Horse slaughter plant brings mixed feelings in Iowa - KWWL - Eastern Iowa Breaking News, Weather, Closings

Horse slaughter plant brings mixed feelings in Iowa


Responsible Transportation, a new horse slaughter plant in Sigourney, was supposed to open this week, but a lawsuit put a stop to that.

The lawsuit alleges the Department of Agriculture failed to do proper environmental studies before issuing permits to these businesses.

Clarence and Jean Rouse have been horse owners since the early 1970's, and in that time have owned a number of horses.

"I suppose 25 or so," said Clarence Rouse.

A year ago, the Rouses owned a horse they loved very much.

"She had a broken pelvis, so we tried to do acupuncture," said Rouse.

But she kept getting worse, they said, so they had to put her down. They said, if they had the decision, they would have brought her to slaughter.

"Somebody could have gotten some use out of her that way and everything, instead of just burying her," said Rouse.

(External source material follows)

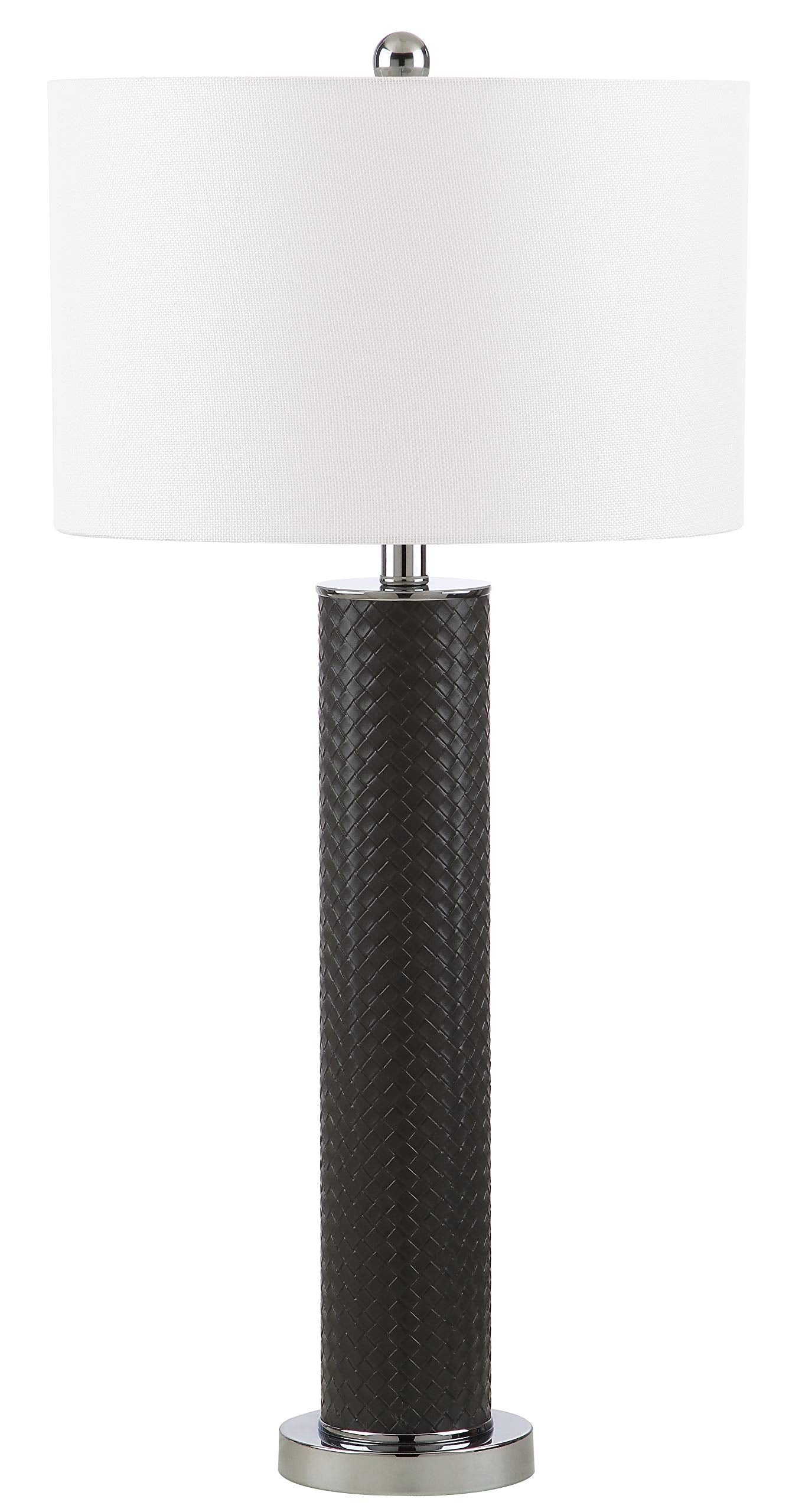 SAFAVIEH Desk Lamp Set of 2, Modern Grey Faux Woven Leather, 32-inch, LED Bulbs Included, Model LIT4404J-SET2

"We love our horses, but I think we need an option for the horses that are not capable of doing what horses usually do," said Jean Rouse.

Responsible Transportation was set to open in Iowa this week, but is now at a standstill. The company could not be reached for comment.

According to their website, they say they "strive to add value to the unwanted horse population by removing the financial burden placed on owners and creating jobs."

Opponents to the opening of the plant say they are concerned about the humane treatment of the animals.

"In my opinion, I think, to kind of throw a switch at the end of their useful life and then sell them off for slaughter is -- I think we own them a more dignified end than that," said Bernie Lettington with the Iowa Federation of Humane Societies.

Lettington says he is also concerned about the food safety aspect to the business. He says horses aren't raised for food like cattle and hogs are.

As for the Rouses, they say more horses are getting neglected on the farm, so the option is a good thing to have.

"Maybe you're a vegan that thinks no animal should be eaten. A horse, to me, is not different than a hog or sheep or cow," said Jean Rouse. "It's an animal that we can make use out of, but we can also love them while they are part of our family."

Another hearing is scheduled for Monday.

The opening of the plant would mark the first time that horses were slaughtered for meat in the United States since 2006.